(TASK BRIEF) The reply should hold every line of the data below, unchanged, and none of the pictures.

(SUPPLIED DATA)
——————————

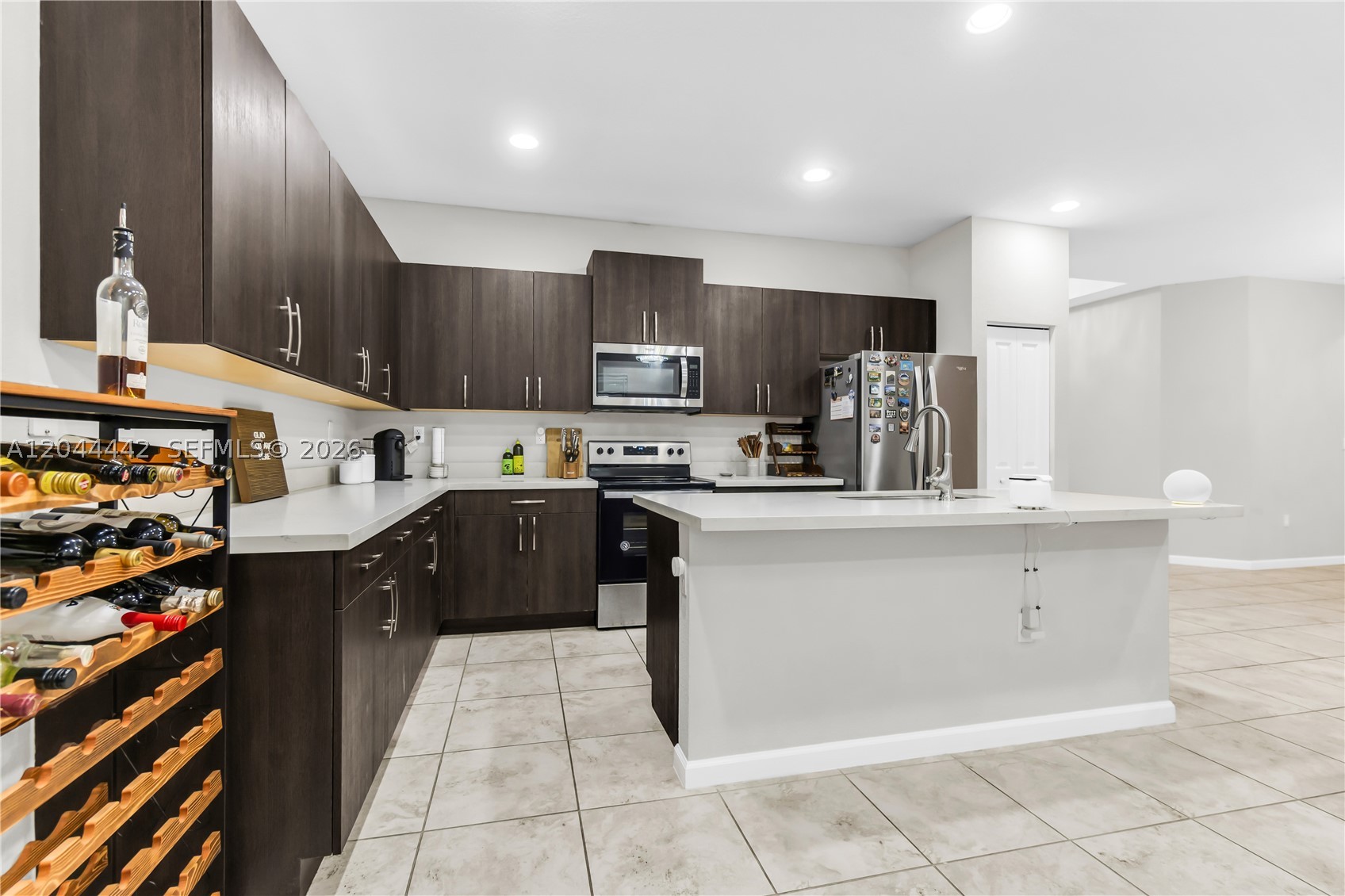 A H AT TURNPIKE SOUTH SEC - Residential
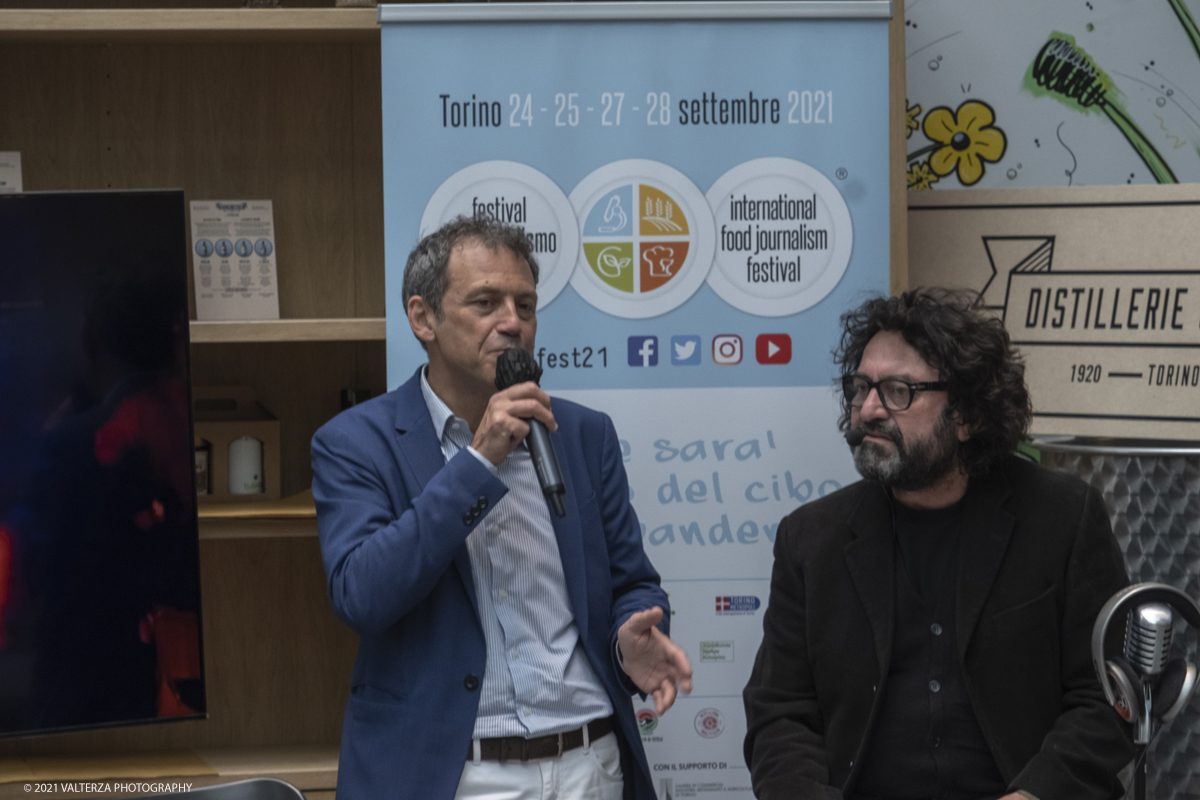 _DSF7716.jpg - 25/09/2021.Torino. Si Ã¨ svolta l'anteprima in presenza del Festival del Giornalismo Alimentare 2021 con â€œSostenibili dalla colazione allâ€™aperitivo". Nella foto il conduttore radiofonico Marco Fedele e il direttore del Festival Massimiliano Borgia,  presentano questo evento dedicato alla sostenibilitÃ  nel cibo.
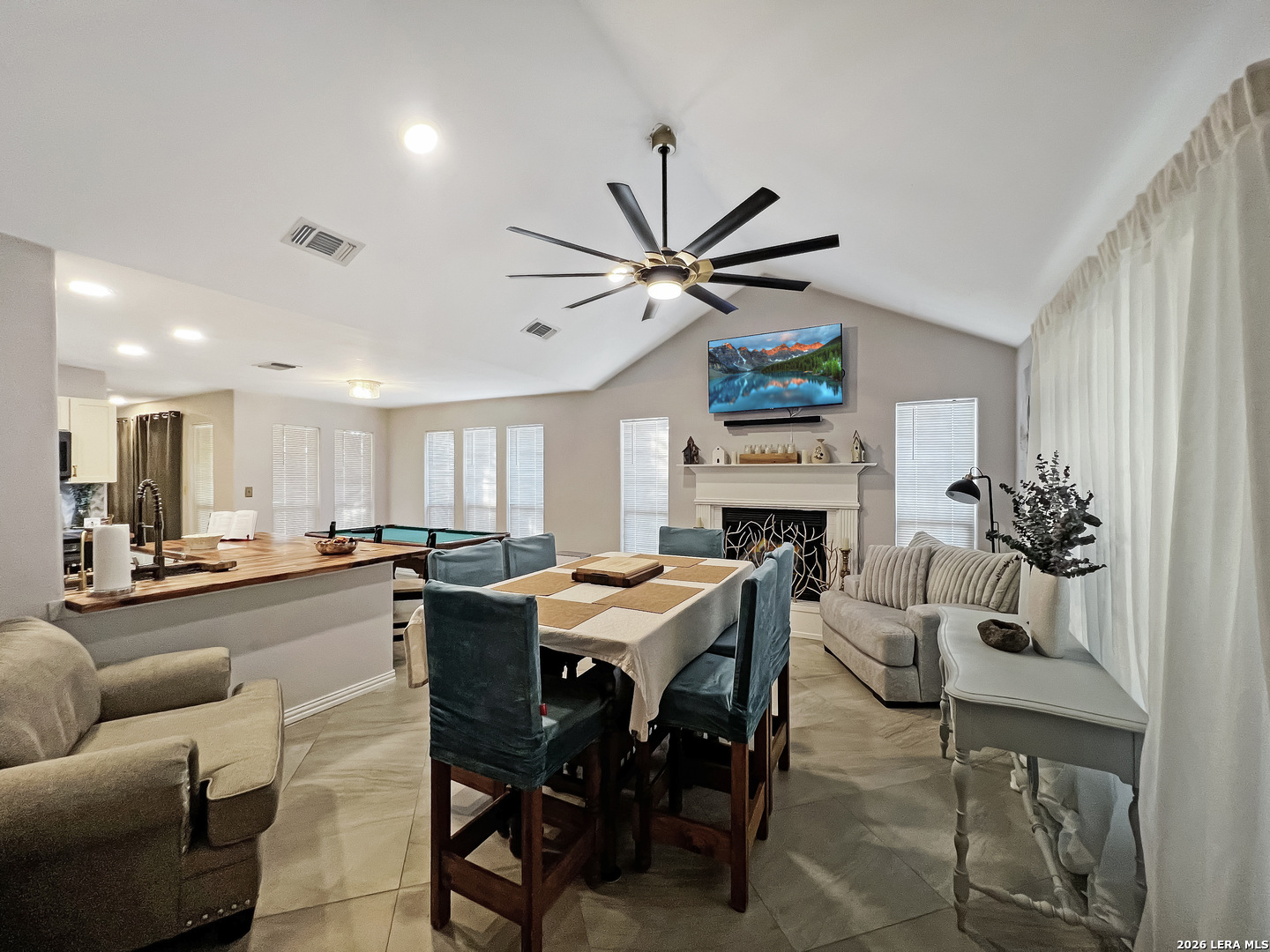 1103 Hidalgo Street Crystal City TX 78839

——————————

(RESPONSE FOR THIS EXERCISE)
 A H AT TURNPIKE SOUTH SEC - Residential
 _DSF7716.jpg - 25/09/2021.Torino. Si Ã¨ svolta l'anteprima in presenza del Festival del Giornalismo Alimentare 2021 con â€œSostenibili dalla colazione allâ€™aperitivo". Nella foto il conduttore radiofonico Marco Fedele e il direttore del Festival Massimiliano Borgia,  presentano questo evento dedicato alla sostenibilitÃ  nel cibo.
 1103 Hidalgo Street Crystal City TX 78839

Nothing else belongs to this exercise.